The conflict has disrupted global oil supplies, particularly through the Strait of Hormuz, a critical chokepoint for energy shipments. This disruption has led to a significant increase in gasoline prices, which jumped 21.2% in March alone, representing the largest monthly increase since the Bureau of Labor Statistics began tracking the data in 1967. U. S. gasoline prices have soared nearly 40% since the conflict erupted, reaching an average of $4.15 a gallon. Brent crude, the global benchmark for oil prices, has also risen sharply, trading at $95.88 a barrel as of Friday morning, compared to $73 before the war.

The rise in energy costs is rippling through the economy, impacting not only consumers at the pump but also businesses and various sectors. Higher transportation costs are affecting the prices of goods, including food, potentially leading to broader inflationary pressures. While a tentative ceasefire agreement between the U. S. and Iran has been reached, experts caution that the lagged impact of the energy shock will continue to affect consumers throughout the remainder of 2026.
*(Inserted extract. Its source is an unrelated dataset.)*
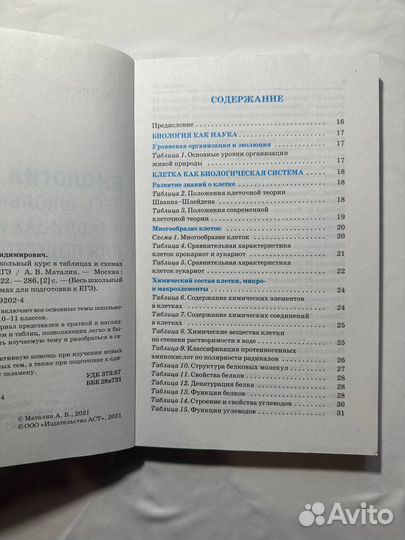 Книга Биология для подготовки к егэ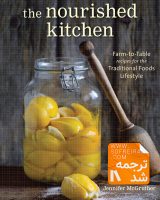 کتاب-آشپزی-اورگانیک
Despite the overall inflation surge, "core" inflation, which excludes volatile food and energy prices, rose modestly by 0.2% in March, or 2.6% annually. This suggests that the energy shock is the primary driver of the current inflationary pressures, potentially giving the economy some room to absorb the price increases. However, the longer the conflict persists, the greater the risk of sustained inflationary pressures and broader economic consequences.